Federal investigators release initial report in fatal Keene plane crash

Nov. 3—Two people on the ground at Keene's Dillant-Hopkins Airport who witnessed the plane crash that killed the pilot and lone passenger last month described hearing popping sounds coming from the aircraft before it descended, according to a federal report issued Thursday.

The National Transportation Safety Board's preliminary report says the witnesses at the airport around 6:45 p.m. on Friday, Oct. 21 — one pilot and a pilot-rated mechanic — said the airplane's engine sounded abnormal.

The engine "never sounded smooth during the entire time the airplane was on the runway or while airborne," one of the witnesses recounted, according to the report.

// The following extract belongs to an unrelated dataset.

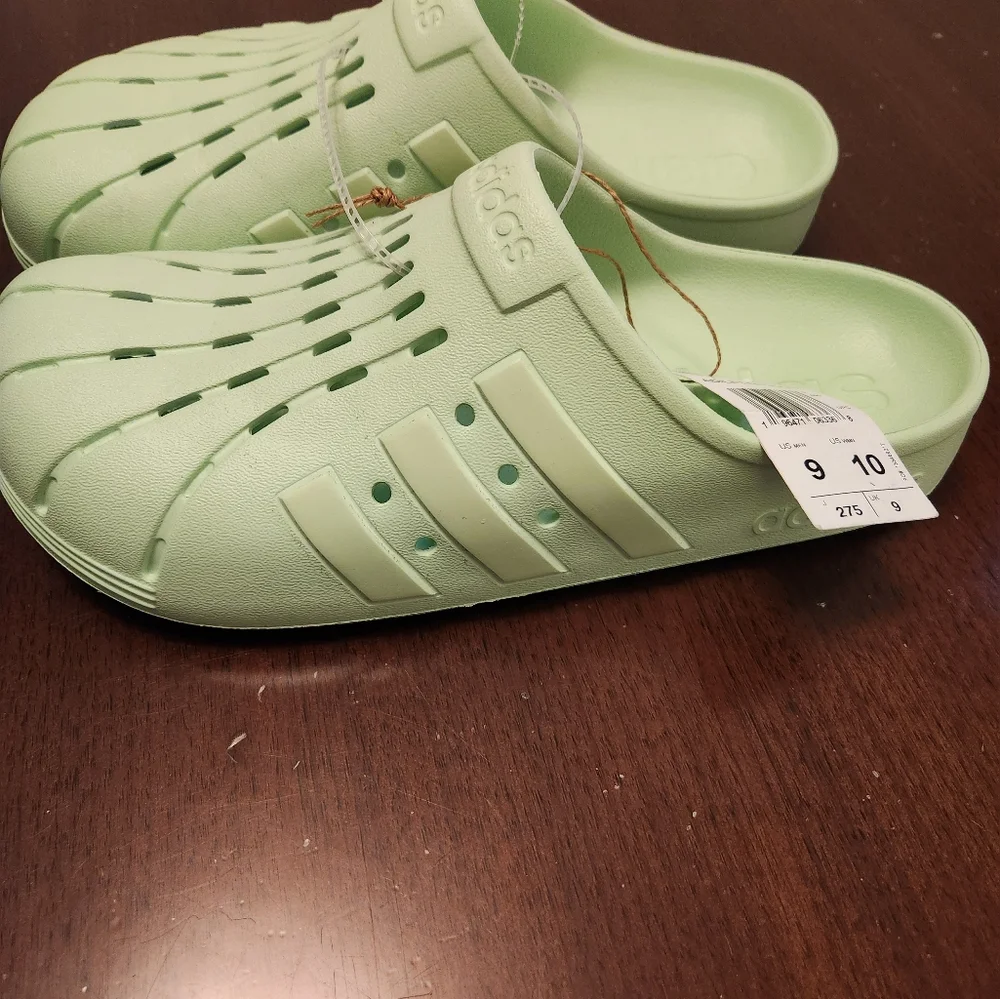 Adidas Adilette clogs - Picture 6 of 9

The mechanic who witnessed the crash stated that when the flight was airborne along the runway, he heard a momentary power reduction, followed by a power advance, the report says.

The single-engine airplane struck a shed attached to a multifamily residence shortly after takeoff, setting off a three-alarm blaze at the crash site on Lower Main Street. On the Monday following the crash, officials released the names of the two men killed, Lawrence Marchiony, 41, of Baldwinville, Mass., and Marvin David Dezendorf, 60, of Townshend, Vt.

Dezendorf's LinkedIn page lists him as a flight instructor at Monadnock Aviation, a flight school and aviation business based out of Dillant-Hopkins Airport that Keene Mayor George Hansel said owned the four-seater Beechcraft Sierra aircraft. A 2017 Monadnock Aviation newsletter says Marchiony trained with Dezendorf and had aspirations of becoming a flight instructor.

Both men were pilot-rated, said Tim Monville, an NTSB senior air-safety investigator, at a news conference in the days after the crash.

According to the report, the plane had made a shallow climb after taking off from the runway in Swanzey, with witness accounts stating it remained between 50 feet and 200 feet in the air.

Another witness about a half mile from the departure end of the runway said the plane was flying "not much higher than 50 ft above ground level when it flew by him," and that he heard "pop pop" sounds before the plane began to descend and the engine sound grew louder, according to the report.

In a phone interview Thursday, Dillant-Hopkins Airport Director David Hickling said it would be difficult to determine how high the plane should have been flying, but that it was "obviously very low." The occupants had traveled only approximately half a mile before the plane impacted the storage facility, the report states.

A representative of Monadnock Aviation declined to comment on the report Thursday.

None of the occupants of the apartments were injured, but nine people were displaced by the crash, according to American Red Cross, which is assisting them. The building's owner previously told The Sentinel it could take a year to repair the residence.

The federal report also notes that the two aircraft occupants did not make a distress call over the common traffic advisory frequency.

During the preliminary investigation, the NTSB has secured and retained both a pilot logbook as well as audio communications between one of the aircraft's occupants, which detail that the plane was to remain in a traffic pattern. The tapes contain no indications of things being awry prior to its crash half-mile away from the end of runway 2, according to Monville.

Monville said two security cameras captured the final portion of the flight and the impact of the crash. The footage includes sound, which will help investigators understand engine RPM prior to the crash into the building, he said.

The NTSB's final report — which will provide a description of the crash, a review of the investigative analysis and determine the probable cause of the crash — could take 18-24 months to complete.